As for accepting the result of the 2020 election, pray tell me - what did the storeowners who boarded up their properties in Washington, Manhattan, Boston and other cities just prior to the election, anticipate?  Enraged Republicans storming the streets, wreaking havoc?  No, they knew from this summer's experience, it would be the paramilitary wing of the Democratic Party taking to the streets if Biden lost and they also knew that the Democratic politicians who rule those cities would allow it to happen just as they had during the summer.  It is impossible to overstate the impact of what happened in American cities this summer in terms of destroying norms.  We've had riots before.  The difference in 2020 was Progressive mayors in city after city standing aside, and often encouraging, while party supporters destroyed property and business and, since then violent crime has surged (and who knew that cities governed for decades by Progressives were such hellholes of racism?).  For the first time, Americans of all races understood that we are dependent on the whim of Progressives as to whether we would actually be protected against criminal elements.  We have entered a new world.

And speaking of what happened this summer, isn't the Black Lives Matter movement and Critical Race Theory one huge conspiracy theory?  Imagine, all the "evil" in the Western World attributable to, and explainable by, a single factor; a giant conspiracy to maintain white supremacy - the one thing that explains all.  And, if you deny it, it just proves you are part of the conspiracy.  It comes along with a full set of false narratives - Trayvon Martin, Michael Brown, Freddie Gray, Omar Mateen, disproportionate and exaggerated numbers of unarmed blacks killed by police - the list goes on and on.  This is classic conspiracy thinking in the guise of social justice and academic theory - more interested in authoritarian social transformation than in trying to solve some of the legitimate problems facing America regarding race.

Remember when before the election any claims about links between Hunter Biden, his father, and foreign powers was denounced as a Trumpian conspiracy, which most media refused to report on and saw Twitter actually shut down the feed of the New York Post which reported on the story?  Now that we know that the New York Post was correct and there is a DOJ investigation of Hunter it is evident there was a conspiracy - a conspiracy not to report legitimate stories if they undermined the anti-Trump narrative.

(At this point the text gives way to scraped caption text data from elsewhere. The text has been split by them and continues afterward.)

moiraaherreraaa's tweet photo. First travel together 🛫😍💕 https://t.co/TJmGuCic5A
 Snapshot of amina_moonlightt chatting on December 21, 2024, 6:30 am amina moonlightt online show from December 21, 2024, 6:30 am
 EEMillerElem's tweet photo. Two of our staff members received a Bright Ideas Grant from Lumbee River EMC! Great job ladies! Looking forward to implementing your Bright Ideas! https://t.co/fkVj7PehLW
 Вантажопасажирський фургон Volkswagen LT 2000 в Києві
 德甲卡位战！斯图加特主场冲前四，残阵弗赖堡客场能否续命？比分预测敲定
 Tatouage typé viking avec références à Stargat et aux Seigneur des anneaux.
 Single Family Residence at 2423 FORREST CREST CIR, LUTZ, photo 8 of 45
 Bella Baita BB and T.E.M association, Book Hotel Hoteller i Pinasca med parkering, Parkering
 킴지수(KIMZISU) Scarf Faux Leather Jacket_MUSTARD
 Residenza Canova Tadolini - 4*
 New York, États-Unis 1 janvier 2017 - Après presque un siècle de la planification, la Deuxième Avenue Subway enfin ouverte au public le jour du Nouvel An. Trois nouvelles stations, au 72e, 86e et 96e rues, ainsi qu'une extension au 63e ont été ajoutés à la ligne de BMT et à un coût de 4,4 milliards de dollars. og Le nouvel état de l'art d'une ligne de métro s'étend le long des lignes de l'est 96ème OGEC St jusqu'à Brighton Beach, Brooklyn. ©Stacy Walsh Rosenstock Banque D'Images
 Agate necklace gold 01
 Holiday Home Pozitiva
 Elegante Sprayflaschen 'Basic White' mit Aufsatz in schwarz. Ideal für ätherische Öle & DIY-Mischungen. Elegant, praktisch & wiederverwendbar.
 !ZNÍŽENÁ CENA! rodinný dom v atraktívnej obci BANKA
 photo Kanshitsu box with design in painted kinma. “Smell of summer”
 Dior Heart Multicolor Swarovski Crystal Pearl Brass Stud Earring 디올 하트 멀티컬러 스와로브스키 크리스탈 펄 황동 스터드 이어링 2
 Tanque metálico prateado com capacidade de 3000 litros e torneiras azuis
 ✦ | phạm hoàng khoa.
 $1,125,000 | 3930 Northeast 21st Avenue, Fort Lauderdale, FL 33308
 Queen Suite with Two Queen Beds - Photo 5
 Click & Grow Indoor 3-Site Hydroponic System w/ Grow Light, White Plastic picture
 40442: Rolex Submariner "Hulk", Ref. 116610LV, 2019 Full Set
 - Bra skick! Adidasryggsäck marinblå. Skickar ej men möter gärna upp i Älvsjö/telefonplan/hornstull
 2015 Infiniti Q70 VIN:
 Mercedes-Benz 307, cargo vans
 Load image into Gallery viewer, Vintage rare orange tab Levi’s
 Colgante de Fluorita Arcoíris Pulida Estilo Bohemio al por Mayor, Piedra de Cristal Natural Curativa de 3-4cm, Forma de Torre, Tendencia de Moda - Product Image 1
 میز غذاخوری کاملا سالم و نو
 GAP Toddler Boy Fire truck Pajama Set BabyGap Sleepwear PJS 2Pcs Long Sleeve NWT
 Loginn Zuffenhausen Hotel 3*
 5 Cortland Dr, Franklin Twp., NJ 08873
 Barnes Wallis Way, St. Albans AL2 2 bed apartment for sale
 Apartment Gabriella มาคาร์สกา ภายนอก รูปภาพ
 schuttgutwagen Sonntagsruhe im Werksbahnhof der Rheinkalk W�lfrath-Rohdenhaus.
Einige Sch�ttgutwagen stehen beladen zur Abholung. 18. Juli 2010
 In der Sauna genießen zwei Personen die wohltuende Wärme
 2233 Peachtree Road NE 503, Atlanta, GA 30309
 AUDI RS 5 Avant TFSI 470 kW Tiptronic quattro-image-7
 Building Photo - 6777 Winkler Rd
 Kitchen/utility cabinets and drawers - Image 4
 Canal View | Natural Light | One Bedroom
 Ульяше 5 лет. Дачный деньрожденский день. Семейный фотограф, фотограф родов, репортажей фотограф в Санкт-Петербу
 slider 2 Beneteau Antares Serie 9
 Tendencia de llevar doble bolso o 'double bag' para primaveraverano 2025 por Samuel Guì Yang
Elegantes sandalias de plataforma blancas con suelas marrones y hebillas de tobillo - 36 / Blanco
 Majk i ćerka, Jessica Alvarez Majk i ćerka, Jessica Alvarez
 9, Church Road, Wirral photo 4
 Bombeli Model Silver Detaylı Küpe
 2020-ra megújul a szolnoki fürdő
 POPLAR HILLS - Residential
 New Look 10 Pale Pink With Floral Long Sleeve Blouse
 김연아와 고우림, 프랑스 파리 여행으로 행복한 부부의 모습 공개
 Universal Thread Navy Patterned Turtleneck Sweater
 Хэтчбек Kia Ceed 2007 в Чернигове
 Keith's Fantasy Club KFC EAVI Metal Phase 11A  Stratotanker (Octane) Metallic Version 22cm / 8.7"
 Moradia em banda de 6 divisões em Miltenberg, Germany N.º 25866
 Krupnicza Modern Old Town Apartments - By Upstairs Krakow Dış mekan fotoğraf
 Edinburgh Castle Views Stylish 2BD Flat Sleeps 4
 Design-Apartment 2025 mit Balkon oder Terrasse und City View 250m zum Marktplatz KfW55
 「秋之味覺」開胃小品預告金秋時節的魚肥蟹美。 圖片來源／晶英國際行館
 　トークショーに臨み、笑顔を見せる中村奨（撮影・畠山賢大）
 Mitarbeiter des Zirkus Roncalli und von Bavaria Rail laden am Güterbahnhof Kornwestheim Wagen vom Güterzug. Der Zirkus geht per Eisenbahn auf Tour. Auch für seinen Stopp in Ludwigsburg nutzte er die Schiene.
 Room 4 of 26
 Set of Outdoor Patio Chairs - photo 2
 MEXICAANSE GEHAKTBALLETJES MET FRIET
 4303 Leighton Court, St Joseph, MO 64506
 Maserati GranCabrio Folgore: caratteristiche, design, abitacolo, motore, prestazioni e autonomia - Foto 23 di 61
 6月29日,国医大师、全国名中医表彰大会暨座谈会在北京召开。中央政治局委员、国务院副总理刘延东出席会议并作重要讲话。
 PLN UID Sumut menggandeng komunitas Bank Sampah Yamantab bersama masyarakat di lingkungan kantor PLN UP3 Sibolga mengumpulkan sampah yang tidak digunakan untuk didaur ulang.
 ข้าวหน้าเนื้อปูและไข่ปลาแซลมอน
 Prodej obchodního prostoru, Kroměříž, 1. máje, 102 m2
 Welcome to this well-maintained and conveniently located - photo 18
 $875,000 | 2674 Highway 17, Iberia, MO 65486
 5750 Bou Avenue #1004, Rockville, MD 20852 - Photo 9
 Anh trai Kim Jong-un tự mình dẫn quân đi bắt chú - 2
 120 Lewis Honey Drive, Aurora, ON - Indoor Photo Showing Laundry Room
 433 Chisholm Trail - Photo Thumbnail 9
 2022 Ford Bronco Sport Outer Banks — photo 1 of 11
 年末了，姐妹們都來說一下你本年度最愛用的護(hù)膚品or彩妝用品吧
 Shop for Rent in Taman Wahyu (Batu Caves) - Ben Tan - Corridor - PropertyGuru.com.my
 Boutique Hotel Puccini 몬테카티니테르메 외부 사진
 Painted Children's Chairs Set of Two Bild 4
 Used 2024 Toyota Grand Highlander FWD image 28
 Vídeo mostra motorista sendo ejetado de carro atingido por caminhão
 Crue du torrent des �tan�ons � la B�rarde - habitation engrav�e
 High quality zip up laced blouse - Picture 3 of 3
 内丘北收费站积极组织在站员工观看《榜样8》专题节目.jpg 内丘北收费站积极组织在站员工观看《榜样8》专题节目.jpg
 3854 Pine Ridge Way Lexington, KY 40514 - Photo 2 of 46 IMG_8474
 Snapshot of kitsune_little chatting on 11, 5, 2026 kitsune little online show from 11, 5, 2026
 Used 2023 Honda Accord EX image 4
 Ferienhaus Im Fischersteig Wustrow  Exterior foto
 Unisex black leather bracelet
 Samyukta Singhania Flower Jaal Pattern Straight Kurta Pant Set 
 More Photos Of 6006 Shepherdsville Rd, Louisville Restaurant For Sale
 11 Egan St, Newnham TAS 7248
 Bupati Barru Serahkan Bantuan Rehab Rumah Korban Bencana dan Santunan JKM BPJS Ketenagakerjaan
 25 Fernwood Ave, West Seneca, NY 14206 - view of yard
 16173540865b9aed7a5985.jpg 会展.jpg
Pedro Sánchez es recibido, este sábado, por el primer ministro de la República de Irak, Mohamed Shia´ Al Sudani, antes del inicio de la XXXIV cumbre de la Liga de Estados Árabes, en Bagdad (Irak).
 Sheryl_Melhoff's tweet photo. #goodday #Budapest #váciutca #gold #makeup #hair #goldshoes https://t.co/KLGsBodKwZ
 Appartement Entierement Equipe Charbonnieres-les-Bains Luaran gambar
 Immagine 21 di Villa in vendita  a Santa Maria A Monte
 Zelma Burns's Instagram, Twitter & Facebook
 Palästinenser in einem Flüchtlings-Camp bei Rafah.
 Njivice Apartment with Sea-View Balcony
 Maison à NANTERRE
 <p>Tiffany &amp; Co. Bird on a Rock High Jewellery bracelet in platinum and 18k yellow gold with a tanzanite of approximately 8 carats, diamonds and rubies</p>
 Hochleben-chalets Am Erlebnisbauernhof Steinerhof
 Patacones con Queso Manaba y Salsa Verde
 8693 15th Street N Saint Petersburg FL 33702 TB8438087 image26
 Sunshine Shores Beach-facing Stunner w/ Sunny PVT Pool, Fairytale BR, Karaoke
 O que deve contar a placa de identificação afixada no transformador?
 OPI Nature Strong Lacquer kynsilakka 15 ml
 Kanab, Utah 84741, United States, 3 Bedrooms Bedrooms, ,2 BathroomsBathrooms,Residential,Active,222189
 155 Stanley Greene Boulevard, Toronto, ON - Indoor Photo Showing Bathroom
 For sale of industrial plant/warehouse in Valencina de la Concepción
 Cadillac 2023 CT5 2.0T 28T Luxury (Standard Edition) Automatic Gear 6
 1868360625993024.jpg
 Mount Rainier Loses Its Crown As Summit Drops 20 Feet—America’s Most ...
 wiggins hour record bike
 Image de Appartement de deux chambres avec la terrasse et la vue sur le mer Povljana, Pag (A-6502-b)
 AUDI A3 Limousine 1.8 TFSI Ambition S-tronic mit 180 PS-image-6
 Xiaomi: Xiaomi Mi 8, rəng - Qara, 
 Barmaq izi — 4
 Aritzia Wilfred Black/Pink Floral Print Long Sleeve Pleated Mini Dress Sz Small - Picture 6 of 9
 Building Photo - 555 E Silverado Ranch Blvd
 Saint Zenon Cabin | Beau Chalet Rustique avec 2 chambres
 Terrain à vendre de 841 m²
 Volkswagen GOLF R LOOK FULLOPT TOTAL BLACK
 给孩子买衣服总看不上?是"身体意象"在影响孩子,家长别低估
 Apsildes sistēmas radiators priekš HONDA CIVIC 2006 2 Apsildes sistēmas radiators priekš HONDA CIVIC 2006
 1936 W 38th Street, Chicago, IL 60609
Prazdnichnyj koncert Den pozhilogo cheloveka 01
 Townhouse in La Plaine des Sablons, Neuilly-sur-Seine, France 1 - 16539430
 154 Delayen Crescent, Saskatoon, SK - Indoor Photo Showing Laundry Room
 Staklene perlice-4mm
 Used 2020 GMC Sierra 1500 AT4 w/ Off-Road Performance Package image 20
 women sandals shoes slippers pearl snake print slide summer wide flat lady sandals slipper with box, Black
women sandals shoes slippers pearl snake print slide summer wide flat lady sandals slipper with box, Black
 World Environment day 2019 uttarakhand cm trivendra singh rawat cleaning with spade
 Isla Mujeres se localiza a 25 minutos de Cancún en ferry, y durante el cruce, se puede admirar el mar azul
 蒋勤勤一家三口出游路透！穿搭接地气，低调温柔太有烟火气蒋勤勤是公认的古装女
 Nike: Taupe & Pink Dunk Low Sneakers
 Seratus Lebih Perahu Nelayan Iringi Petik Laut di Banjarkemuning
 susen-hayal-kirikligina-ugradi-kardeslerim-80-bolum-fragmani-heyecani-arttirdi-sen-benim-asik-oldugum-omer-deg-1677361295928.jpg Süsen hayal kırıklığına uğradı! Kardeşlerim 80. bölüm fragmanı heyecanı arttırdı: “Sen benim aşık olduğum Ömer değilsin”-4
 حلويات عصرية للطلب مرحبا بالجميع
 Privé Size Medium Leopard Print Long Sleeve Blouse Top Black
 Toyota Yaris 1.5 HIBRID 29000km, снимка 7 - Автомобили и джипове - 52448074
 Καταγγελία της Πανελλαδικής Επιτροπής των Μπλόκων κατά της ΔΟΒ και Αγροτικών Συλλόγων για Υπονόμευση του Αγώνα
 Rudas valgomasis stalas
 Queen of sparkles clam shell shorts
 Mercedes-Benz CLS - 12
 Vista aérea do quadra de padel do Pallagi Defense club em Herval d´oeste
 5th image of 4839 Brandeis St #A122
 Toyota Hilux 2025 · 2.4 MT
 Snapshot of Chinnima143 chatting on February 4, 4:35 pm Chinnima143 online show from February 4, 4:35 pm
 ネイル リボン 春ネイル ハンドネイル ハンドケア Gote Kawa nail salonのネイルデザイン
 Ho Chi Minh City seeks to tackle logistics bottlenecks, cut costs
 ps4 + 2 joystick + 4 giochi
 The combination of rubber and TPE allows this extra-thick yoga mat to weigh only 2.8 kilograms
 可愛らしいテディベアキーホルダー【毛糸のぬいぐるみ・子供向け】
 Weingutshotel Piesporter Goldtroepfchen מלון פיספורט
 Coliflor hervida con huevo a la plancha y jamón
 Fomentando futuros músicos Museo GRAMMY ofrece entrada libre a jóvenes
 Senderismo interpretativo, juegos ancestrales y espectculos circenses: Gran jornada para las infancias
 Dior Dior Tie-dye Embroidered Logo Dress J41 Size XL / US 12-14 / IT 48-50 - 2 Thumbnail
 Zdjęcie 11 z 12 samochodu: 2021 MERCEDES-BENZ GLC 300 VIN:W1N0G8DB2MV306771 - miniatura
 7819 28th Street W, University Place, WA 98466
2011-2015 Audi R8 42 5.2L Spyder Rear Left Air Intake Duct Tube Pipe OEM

So while the Dominion voting machine conspiracy theory and other nonsense should be denounced and Trump needs to accept his defeat, we are not going to sit quietly and listen to lectures from Democrats and the media about "norms" and "conspiracies" when they've been complicit for four years in smashing norms, encouraging the conspiratorial fantasies of their followers, have yet to acknowledge their own shoddy behavior (indeed, they still mock those who say it is a hoax), lost the last shreds of their integrity, and making their own towering contribution to the destruction of trust in American institutions.

We are all slowly going crazy (well, some more quickly than others) and unless we find a way to halt this spiral the outlook is grim.